Complex ranked him as having the tenth best fighting game cameos for his guest appearances in Street Fighter X Tekken in 2012. Joystick Division cited his rivalry with Dr. Wily as seventh of the ten greatest in video games, adding giving "great credit to this rivalry for its open-endedness" and GamesRadar listed him and Proto Man as having one of the best brotherly rivalries in gaming. The same site also said "Everyone loves Mega Man, but some fans prefer the bad boy style of his rival/ally Proto Man" as they deemed the latter as more stylish. UGO Networks have placed Mega Man as the eighth character who most deserves his own movie.

1UP.com described Mega Man as "Capcom's ill-treated mascot", and "one of the most incongruous characters of all time", saying "it wouldn't be completely incorrect to assume that the popularity of the series has almost nothing to do with Mega Man himself", but with "his rivals, his enemies, and their abilities." IGN agreed with his dependency on support characters, saying Zero is "cooler than Mega Man". Den of Geek listed Mega Man's incarnation from Street Fighter X Tekken as the 15th best cameo in fighting game history due to how it represented Capcom's lack of interest in featuring other games as of 2012, as well as the apparent self-mockery of it due to Mega Man's poor characterization. Destructoid described this Mega Man as "legit" stating it was "an unexpected and interesting creative decision by [Capcom] using this version of Mega Man to represent them in what may be one of their biggest games of 2012". Jeremy Parish of Polygon ranked 73 fighters from Super Smash Bros. Ultimate "from garbage to glorious", placing Mega Man at 23rd, stating that "most Smash Bros. brawlers are weirdos who probably don't even register as human. Even if Mega Man's presence here goes against his basic programming, it's great to see him reunited with his old pals Simon and Pit, just like in the Captain N days." Gavin Jasper of Den of Geek ranked Mega Man as 10th on his list of Super Smash Bros. Ultimate characters, stating "The games still hold up and the Blue Bomber remains one of video games' greatest icons. Including him in Smash is a no-brainer, but it's also rather important."
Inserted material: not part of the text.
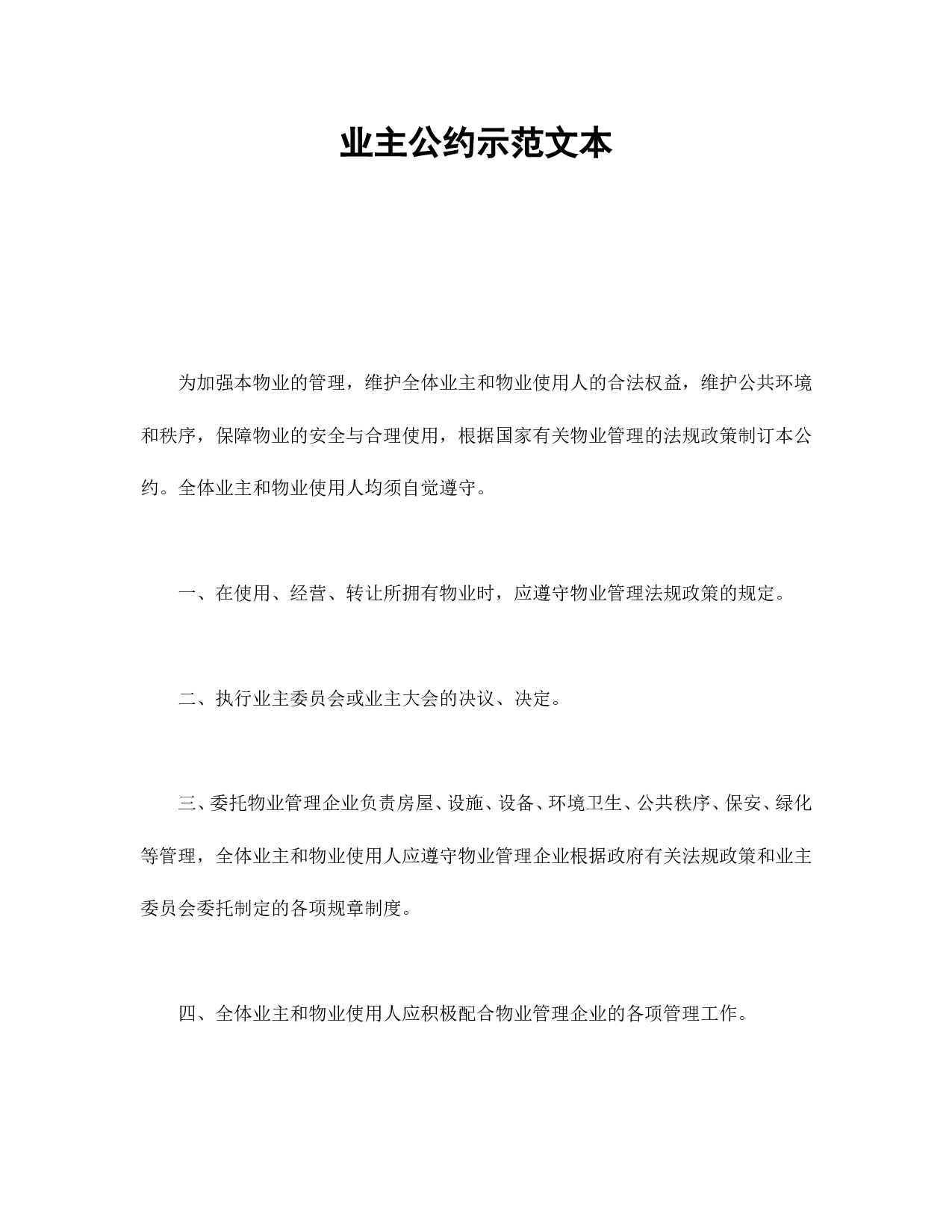 业主公约示范文本.doc 第1页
Numerous artists and bands performed all or part of the soundtrack on studio albums in the 2000s with references to Mega Man, including The NESkimos on Battle Perfect Selection (2002), Chromelodeon on Year 20XX (2003), The Minibosses on Brass (2005), Mega Ran on his self titled album (2007), and The Megas on Get Equipped (2008).

Several characters from the franchise were based on Mega Man. When the NES console began to be overshadowed by its successor, the Super NES, Capcom designer Keiji Inafune embraced the improved graphics engine and developed a darker plot and character design compared to the original Mega Man franchise. Inafune felt that the original title character was too wholesome and that his successor should have an "edge". To this end, he created two new characters for the new "X" series being developed: the main character, X, and his partner, Zero. Inafune's protégé, Hayato Kaji, credited as "Rippa H.K", illustrated the protagonist X but struggled with the initial design. It had a wider palette of colors available on the Super NES as compared to the NES. Toru Nakayama of Inti Creates would redesign Zero for the Mega Man Zero series. was meant to have a more "human feel" rather than the complete "mechanical feel" of the X series. Nakayama wanted the public to recognize that this series was different from the X series. Since Capcom wanted Zero's general structure to be the same, Inti-Creates concentrated on how different they could make him, rather than how similar. For the Mega Man Legends series, the new protagonist is Mega Man Voluntt who was designed to be different from all previous characters. Hayato Kaji was responsible for redesigning Mega Man as MegaMan.EXE for the Battle Network series. The character's initial concept art went through a large number of changes before it was finalized to a much simpler design, so that even very young fans could easily draw it.